I've had 2 situations occur over the past few years that didn't "feel right" but have always kept my head down and played the game because we all know what happens when people try to get smart rather than showing blind obedience and deference to CoC. However, now that I'm a Sgt and starting to deal with tons of admin issues, I'm becoming more acquainted with the process of scrutinizing policies before establishing COAs and also calling BS on higher ups and/or clerks/HRA pers  who make up answers and force their interpretation of policies they've probably never read.

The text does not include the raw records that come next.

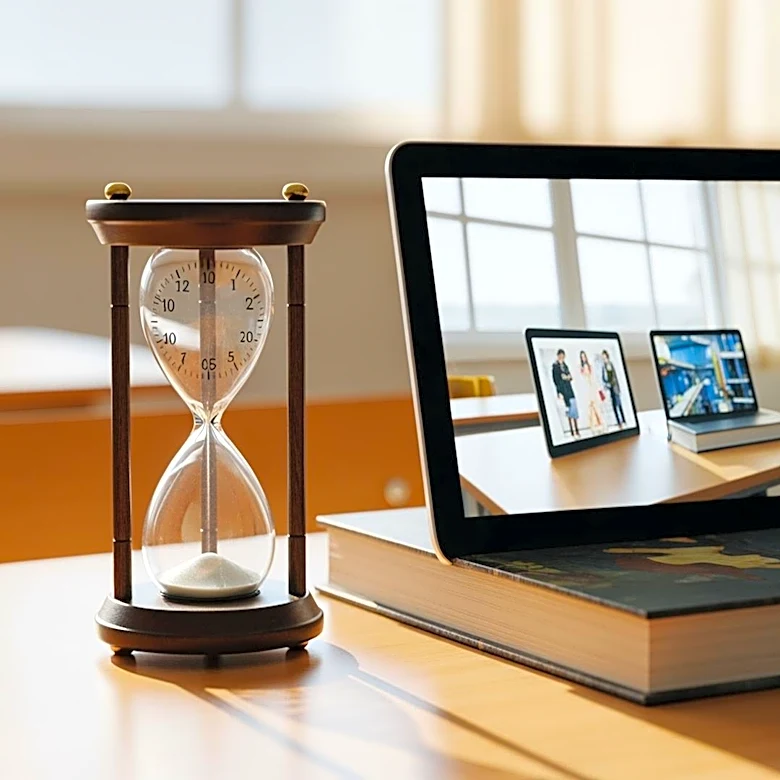 Tennessee General Assembly Approves Bill to Limit Screen Time for K-5 Students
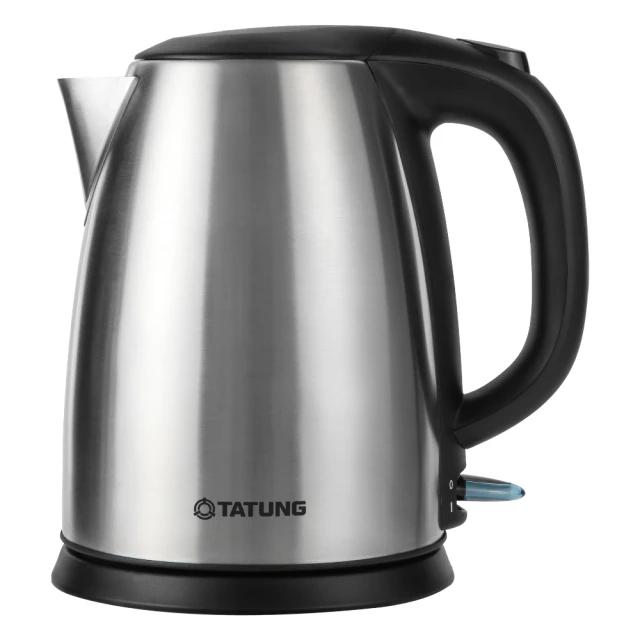 【TATUNG 大同】1.7公升雙層電茶壺-黑色(TEK-1713BK) 歷史價格詳細信息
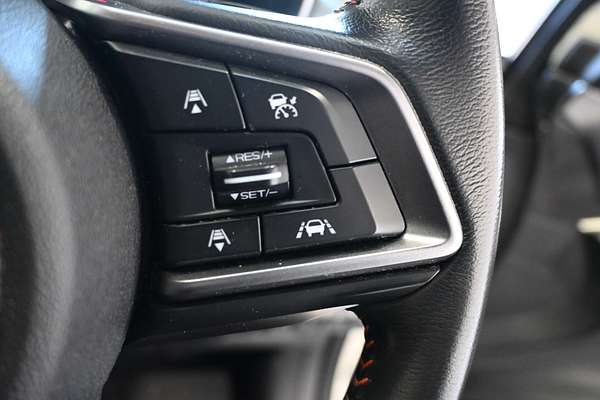2019 Subaru XV 2.0i MY19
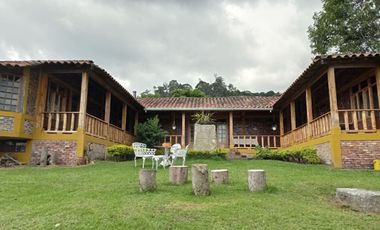 Arriendo casa Cachipay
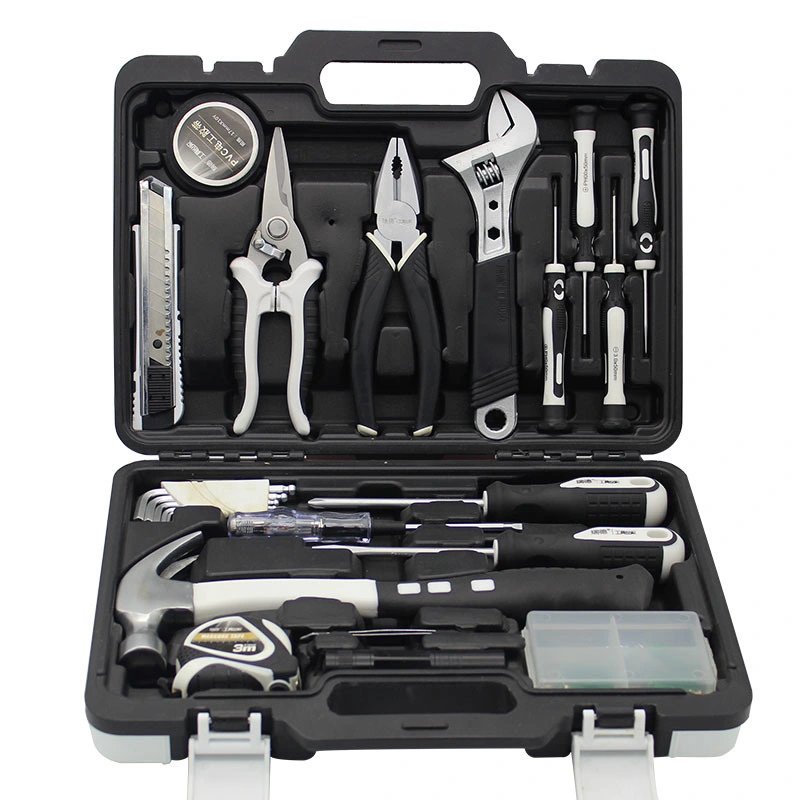 62PCS Hardware Tools Set for Household
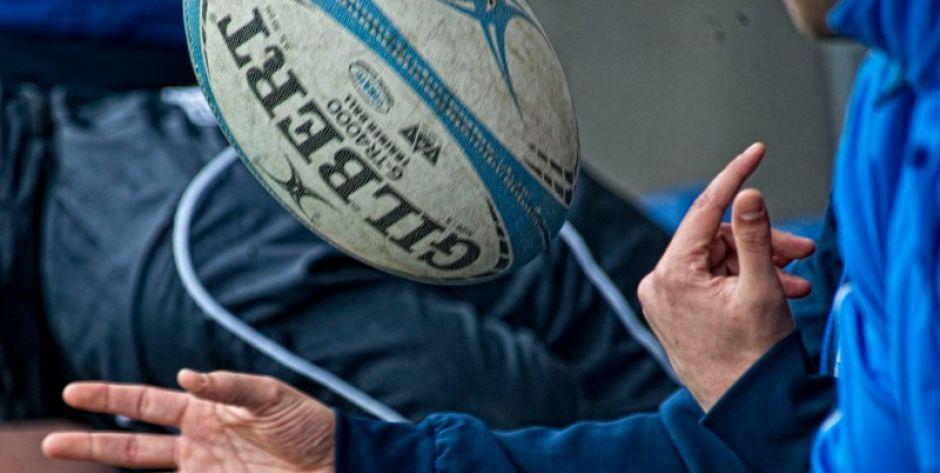 Wszystko zacznie się od Ogniwa - terminarz MKS Pogoń Awenta Siedlce w nowym sezonie Ekstraligi Rugby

I have read the CFTDTI here Canadian Forces Temporary Duty Travel Instructions - Canada.ca and now I don't know what to think about the following 2 situations:

1. A few years ago, I did a 4-month tasking in Ottawa. My home unit and residential address are in Toronto. I had a Route Letter, as well as a Travel Order and Claim. Upon my return, I had to fill out an itinerary for submission to my home unit BOR, along with all the other documents. The itinerary indicated Toronto -> Ottawa for the start date of the task, then Ottawa -> Toronto at the end. In casual conversation, I mentioned that upon leaving Ottawa, I actually made a pit stop in Montreal for a couple of days before returning to my home in Toronto. A mbr of the BOR overhead this and forced me to amend my itinerary so that the return trip would show only Ottawa -> Montreal. This felt wrong and unfair, since my home was Toronto and I would ultimately still need to make the Ottawa -> Toronto trip and I don't see how/why it should be anyone's business what pit stops I make along the way at my own expense? This happened in 2018 when I was a Cpl and now I'm wondering if I'd have grounds for a grievance (probably not if there's a statute of limitations on grievances) and if not, I would at least like to know if the BOR was right to do this?

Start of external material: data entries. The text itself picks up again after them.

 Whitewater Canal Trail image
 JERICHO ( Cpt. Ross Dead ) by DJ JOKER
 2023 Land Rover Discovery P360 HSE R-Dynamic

2. I have not submitted any meal claims for Class A days in over 5 years, because:

a) Section 5.18 of the CFTDTI (linked above) contains some self-contradictory clauses that allow some units to systematically authorize a meal or two for virtually any Class A day other than a regular training night, while other units (or coys or sub-units, depending on the CSM/OC) categorically deny them.

The most problematic contradictions and/or unclear points that I need help with are as follows:

i. If you read 5.18.1.a.i, which says "the member's duty prevents the member from having their normal meal", the meaning of "normal meal" needs clarification because then the policy goes on to say 5.18.2.c.ii "there is no available meal facility (i.e. lunch room) for the member to eat a meal brought from home". The way this has always been interpreted at my current unit (which is radically different from my previous unit) is that if any room with tables, or even a fold-out tray on a bus, can be considered a "meal facility" and therefore you should pack a sandwich from home if you will be working over a meal hour. This begs the question regarding the definition of the previously referenced "normal meal". What if the "normal meal" would have been something that required heating, refrigeration, or cannot be packed into a patrol pack without getting destroyed?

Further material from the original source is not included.